Actually, I did know all of those things after 5-6 months. However, she had some rough edges (immaturity issues) that I knew with some time, and a little bit of passive influence from being around me, she would blossom into a mature woman with all of those things you described. At this point in time, I've more or less decided, but various job stresses currently prevent me from focusing on buying a ring and how I'd want to go about proposing.
And like you said, if it doesn't work out, you've wasted a ton of time. Frankly, there are just too many females out there (granted, in America, most aren't very good) to be wasting three years of time trying to figure it out.

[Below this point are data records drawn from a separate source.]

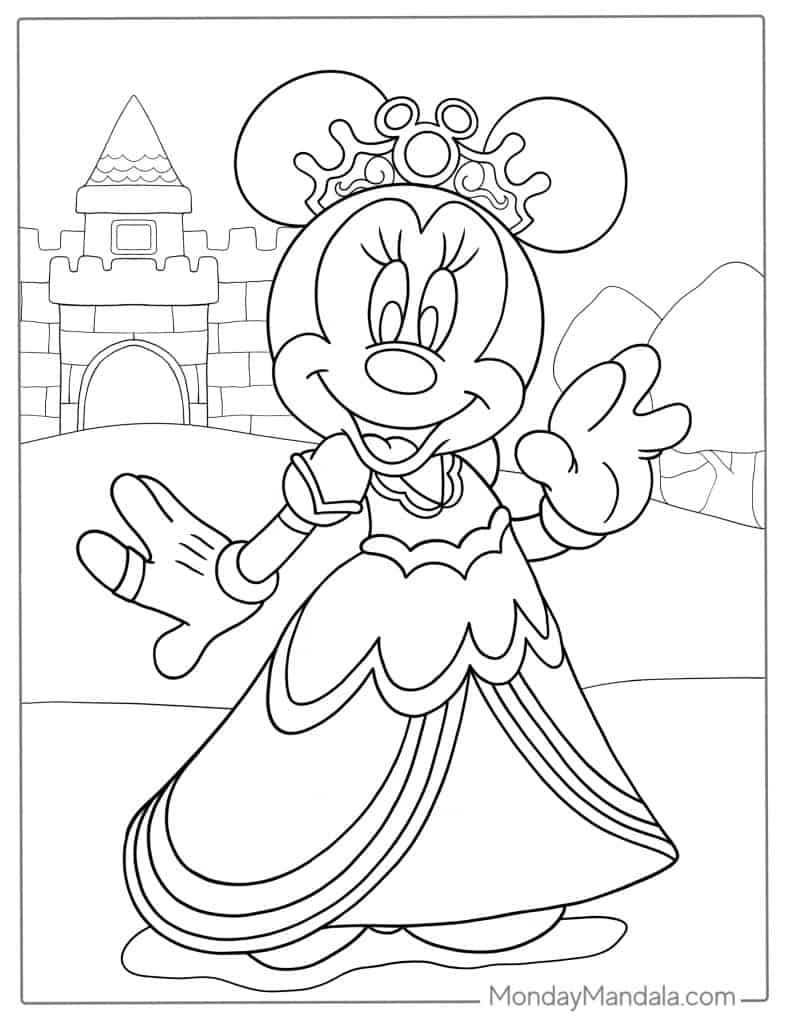 Minnie mouse coloring pages free pdf printables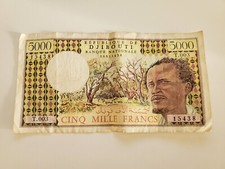 2 Djibouti 5000 Francs 1979 RARE Circulated Bills Currency Banknotes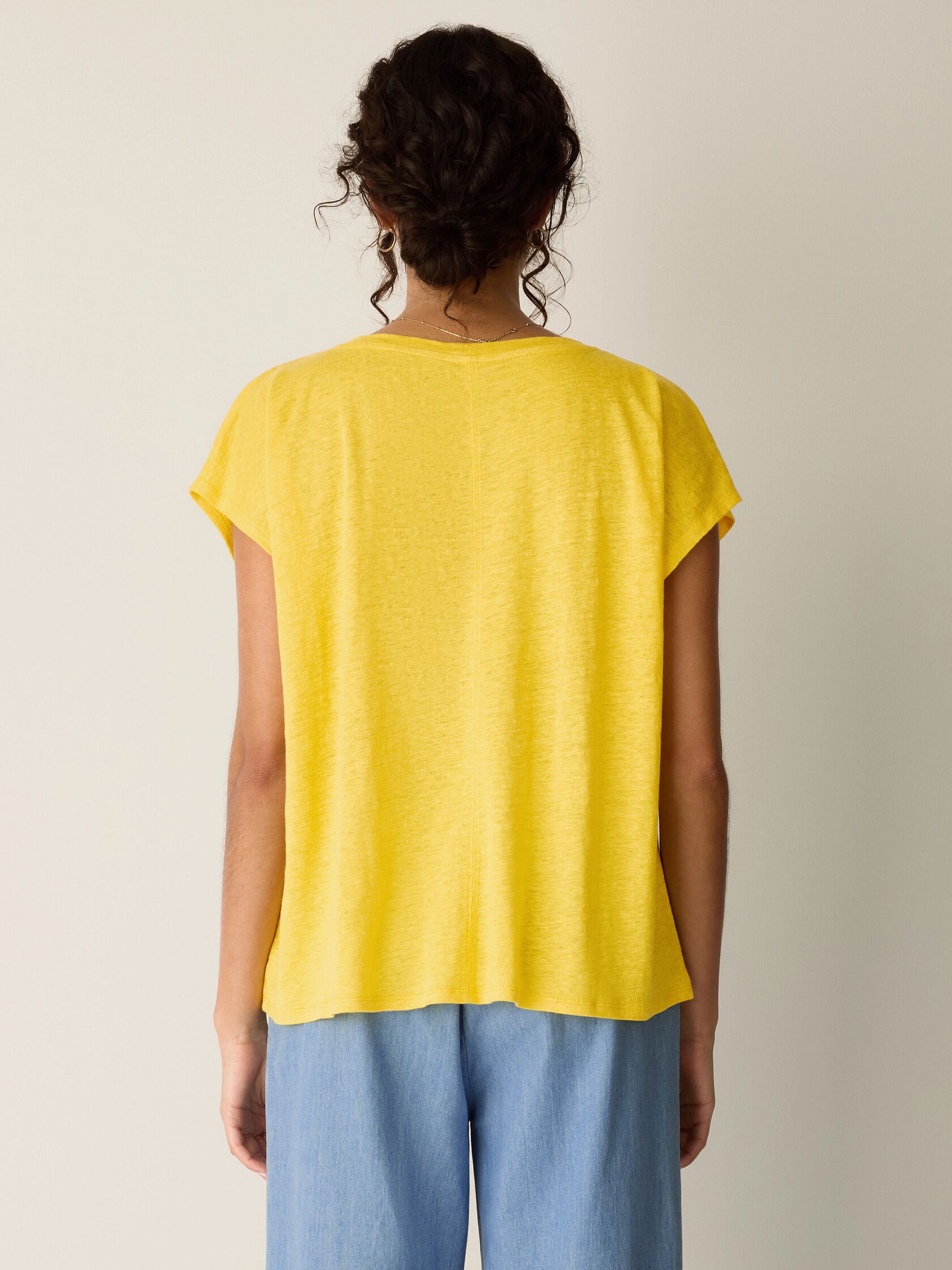 Organic Linen Jersey V-Neck Tee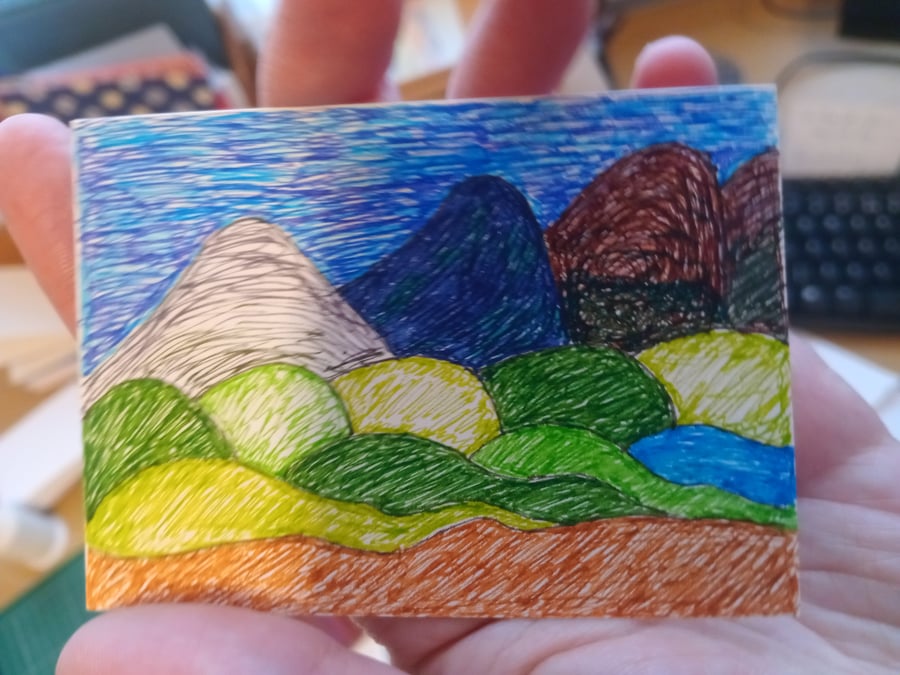 Fineliner aceo bright naive landscape original art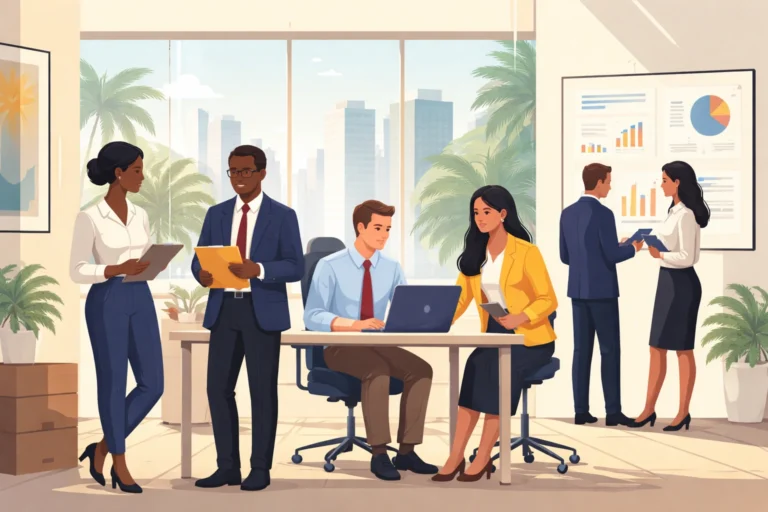 Corporate professionals working in a modern office environment representing finance and risk management jobs in Lagos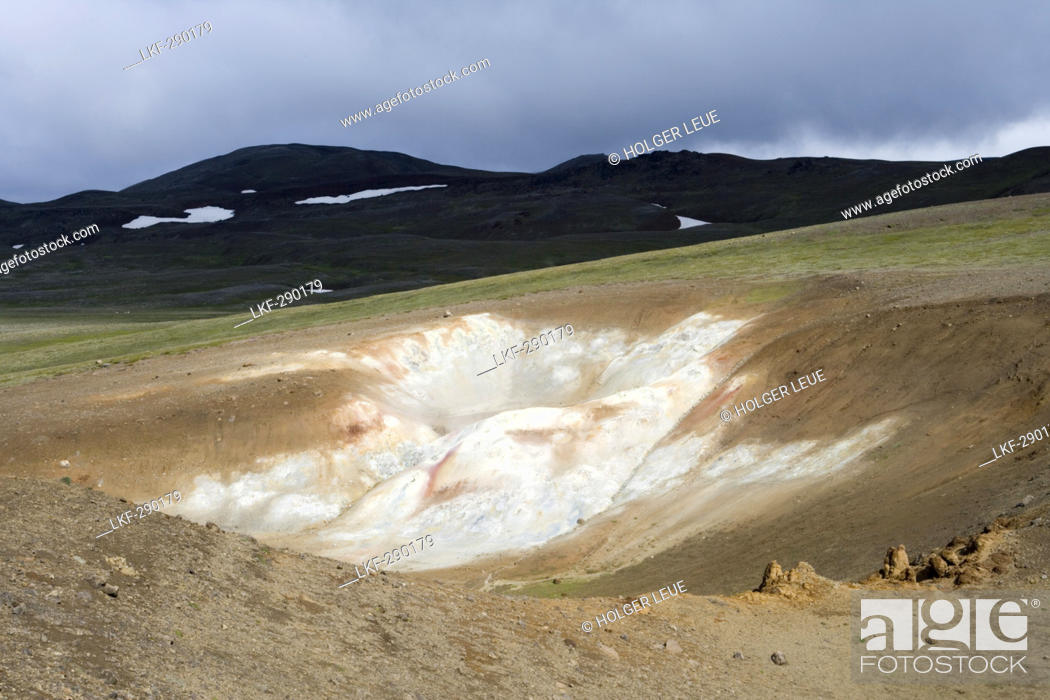 Stock Photo: Landscape at Krafla Geothermal Area under clouded sky, Krafla, Nordurland Eystra, Iceland, Europe.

For a while there I would have agreed with you. Some of her immaturity issues were recurring, and several times I considered calling it quits. It was only after she herself went through a career change that she more or less decided to grow up.
Does it take three years to figure out if your job is good? Does it take you three years to find out if your friends are loyal?

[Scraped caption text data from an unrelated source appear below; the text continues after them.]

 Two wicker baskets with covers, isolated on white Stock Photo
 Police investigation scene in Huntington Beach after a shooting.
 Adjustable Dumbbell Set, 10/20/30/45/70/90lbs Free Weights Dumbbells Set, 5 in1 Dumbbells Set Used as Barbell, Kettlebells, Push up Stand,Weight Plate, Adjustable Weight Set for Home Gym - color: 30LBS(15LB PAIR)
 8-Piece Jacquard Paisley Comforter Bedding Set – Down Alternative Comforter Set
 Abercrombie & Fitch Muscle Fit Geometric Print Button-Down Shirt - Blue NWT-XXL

Actually, it does. Not to go too deep into occupational analysis, but there is an adaptation period whereby you make a mark on an organization, and it makes its mark on you. Although it would be abundantly clear that things weren't working out if you were miserable from day one, that's often not the case in larger organizations. Immediate supervisors come and go, and a person's job responsibilities change periodically. Usually, there is a flash point where a career change is in order. Notwithstanding all of that, I don't think that employment and a relationship are necessarily comparable. Unpleasantness at work is often more tolerated than unpleasantness in a relationship. You need the former to put a roof over your head and food on the table, while the latter is quite optional.
I saw on the AFC site, er, I mean DJ Discussion board, that some young guy had three relationships since 13 years old, each lasting three years or more. First off, he's too young to be such stupid things. Secondly, he's wasting time.
On this we both agree. No "man" from age 14 on should be in a long-term relationship. I doubt I'm over-generalizing in stating that the vast majority of men don't really know what they want in a woman until they're age 25 or so. Dating provides an environment for a man to decide what he wants, as a result of often encountering what he decides he doesn't want.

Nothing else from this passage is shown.